At 6:30 one morning last week Isaac Hull, fisherman turned boardinghouse keeper, was up & about. It was bitter cold (6°), and he needed an early start at his fire-making. His Hull Home, in downtown St. John’s, was jampacked with 70 boarders, most of them government-supported poor, aged or infirm, awaiting admission to public institutions. Proprietor Hull lit the kitchen oil range, then bustled next door to light another in the annex. By the time he was ready to leave the annex, the 15-year-old main building, where he had started the first fire, was doomed. Flames, apparently spread by an explosion in the kitchen range, licked over the varnished woodwork and blocked the hallways.

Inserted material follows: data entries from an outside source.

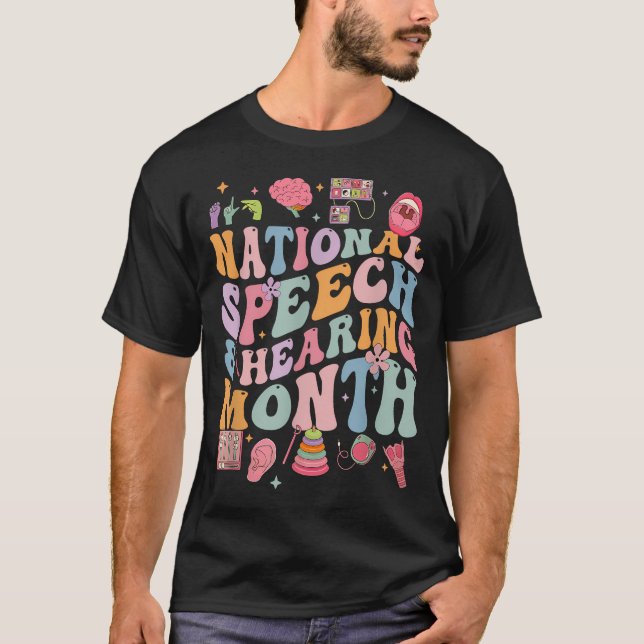 Camiseta Mês Retro Nacional de Audição da Fala Slp Fala (Frente)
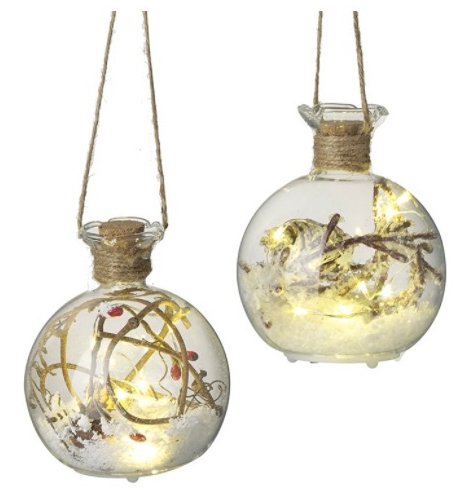 Mix Of 2 Snowy Glass Led Bauble 10cm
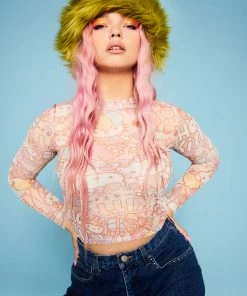 New Girl Order Hello Kitty Contrast Stitch Mesh Top Tops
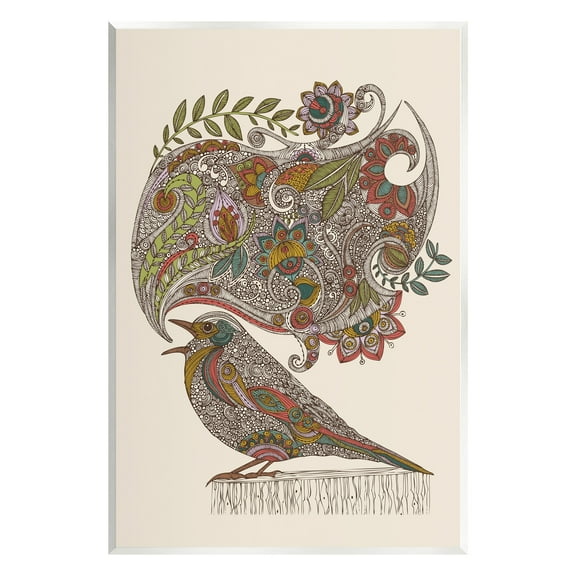 Stupell Industries Song Bird Complex Paisley Patterns Botanical Leaves Graphic Art Unframed Art Print Wall Art, Design by Valentina Harper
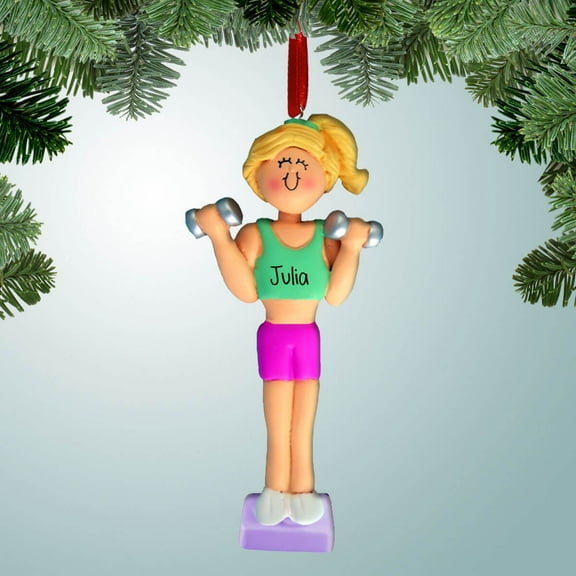 Personalized Girl with Dumbells - Blonde Hair Christmas Ornament - Fitness - Working Out - Gym - Exercise - Training - Personalized Free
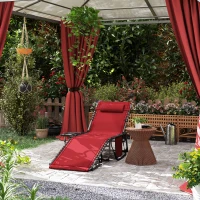 Outsunny Outdoor Folding Lounge Chair, Reclining Chaise Lounge Tanning Chair with Adjustable Back, Side Table, Headrest, Red(m-8)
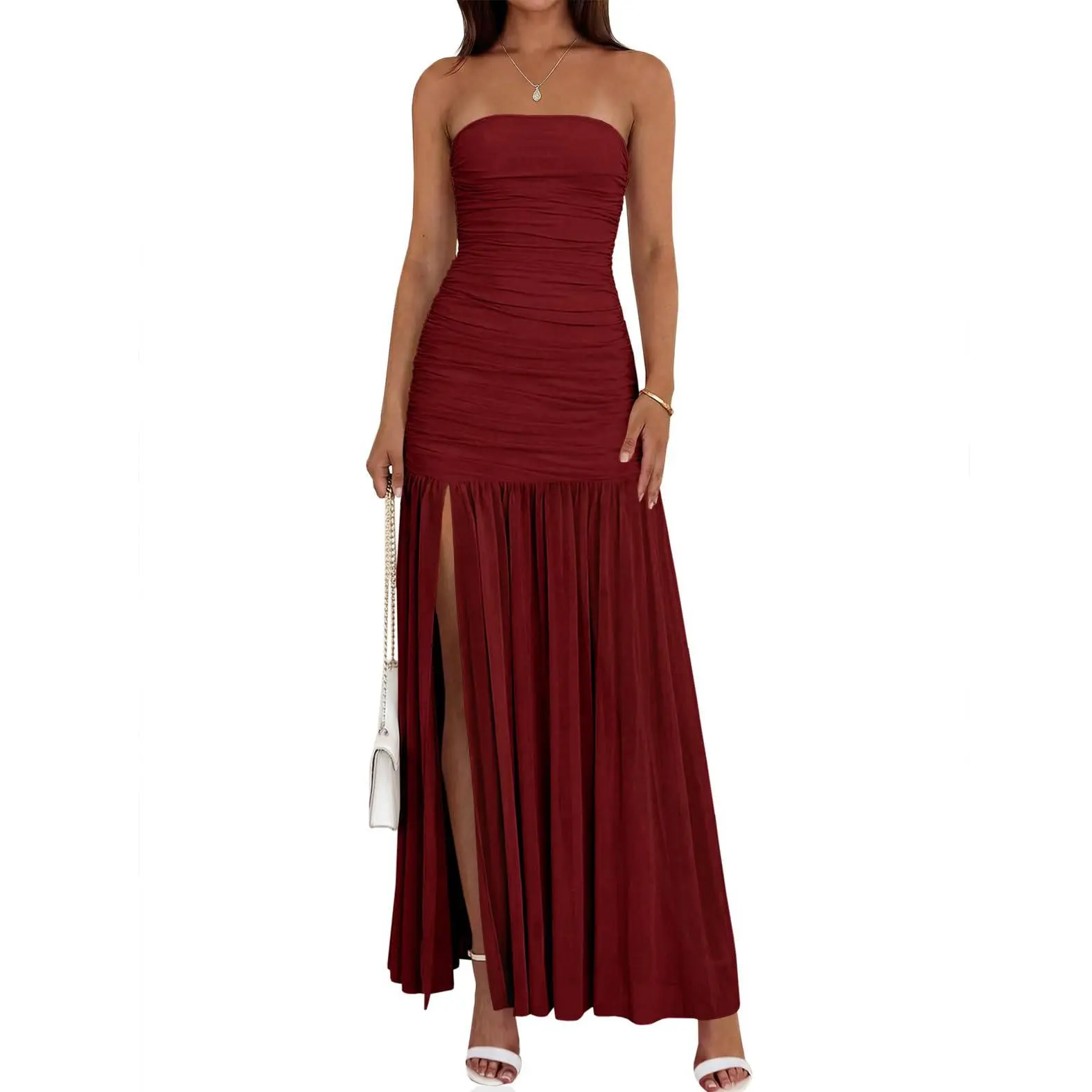 Wenrine Women's Summer Tube Top Dress Strapless Mesh Sexy Ruched Patchwork High Slit Long Cocktail Party Maxi Dresses
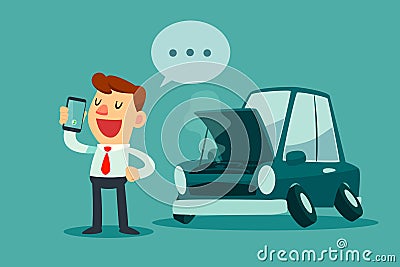 Businessman stand beside his broken car and calling car service Vector Illustration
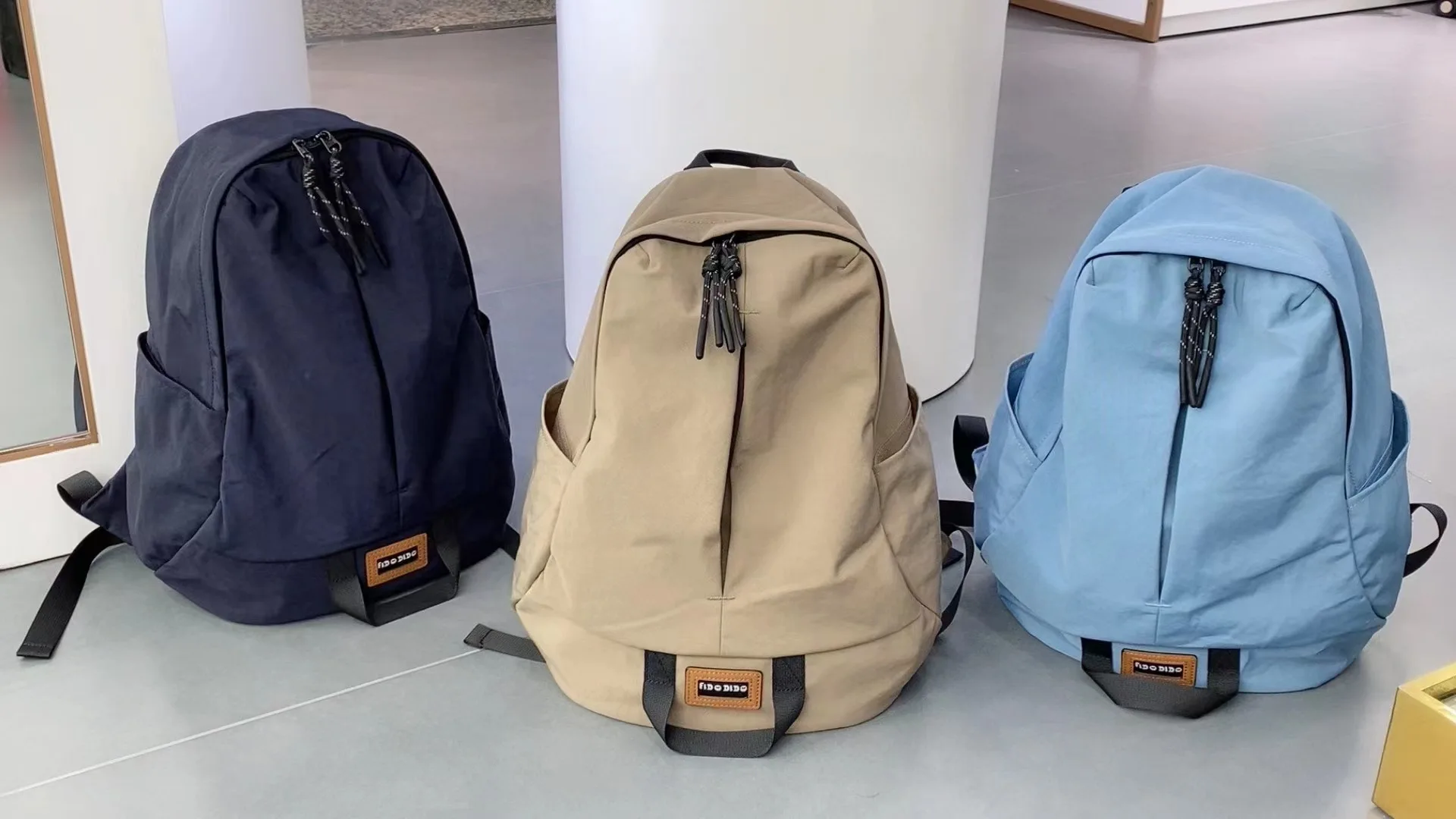 FIDO DIDO Ransel Modis Tas Pria Tas Wanita Tas Travel Ransel Pelajar Tahan Air Nilon Kepadatan Tinggi Asli 2460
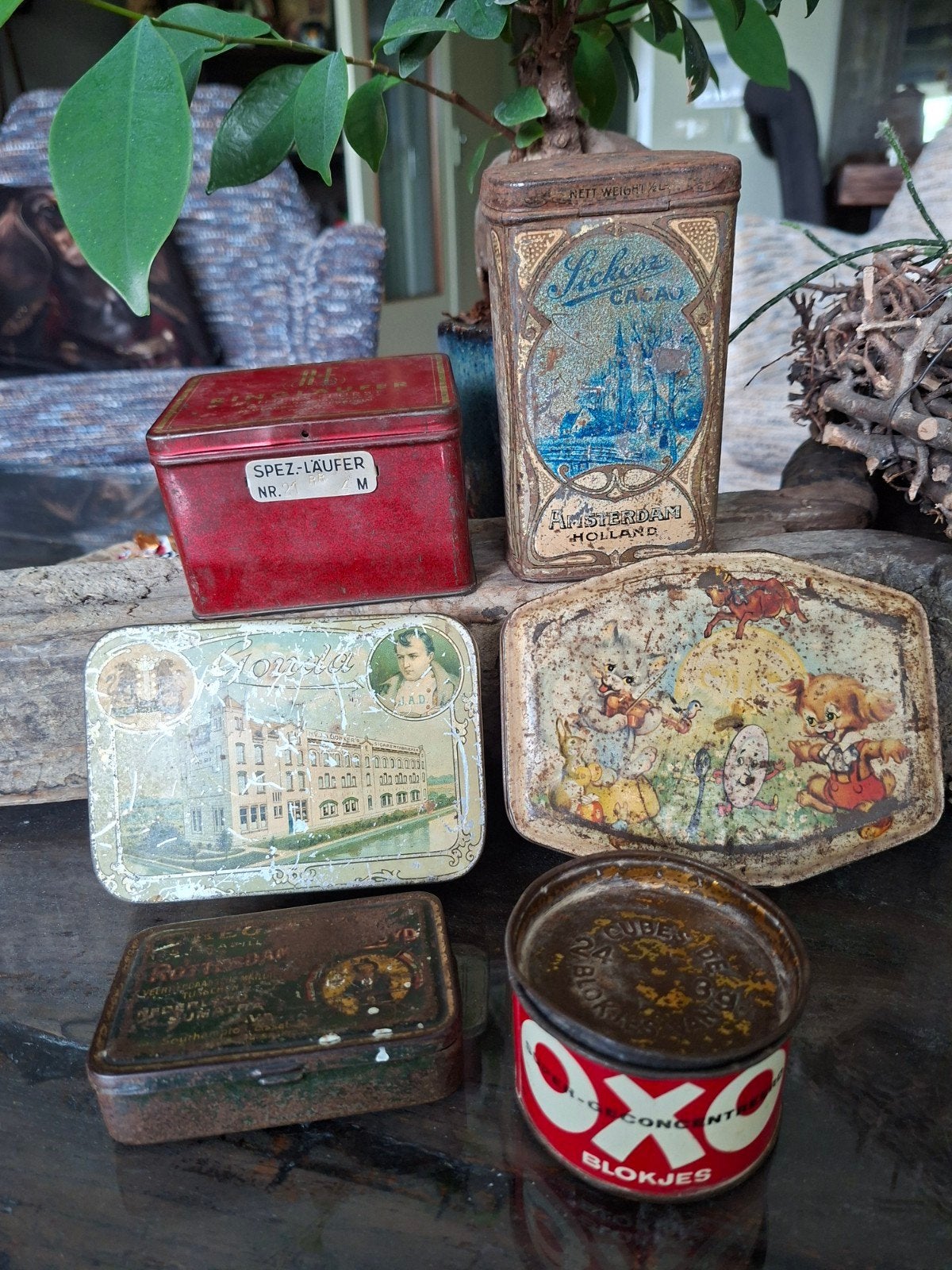 Set van 6 Antieke Blikken Trommels - Diverse Merken, Ophalen of Verzenden, Gebruikt, Overige, Overige merken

On the third floor, Boarder Alice Conners smelled smoke, woke as many as she could. One aged man and two aged women abandoned hope of rescue, plunged from the third-story windows to death on the sidewalks. Firemen came in time to snatch six through windows and down the ladders before the gale-whipped flames enshrouded the building. The ailing, the infirm and the bedridden in Isaac Hull’s boardinghouse had no chance.
An hour later, the ice-shrouded, gutted building had cooled. Inside, firemen found charred bodies, some of them piled near windows, others still in bed. In all, 33 had died. It was the worst fire in Newfoundland since the K. of C. Hostel blaze claimed 100 in 1942. Two years after the Fire Department and City Council had recommended fire escapes for Hull Home, the city began an inquiry to find out why they had never been installed.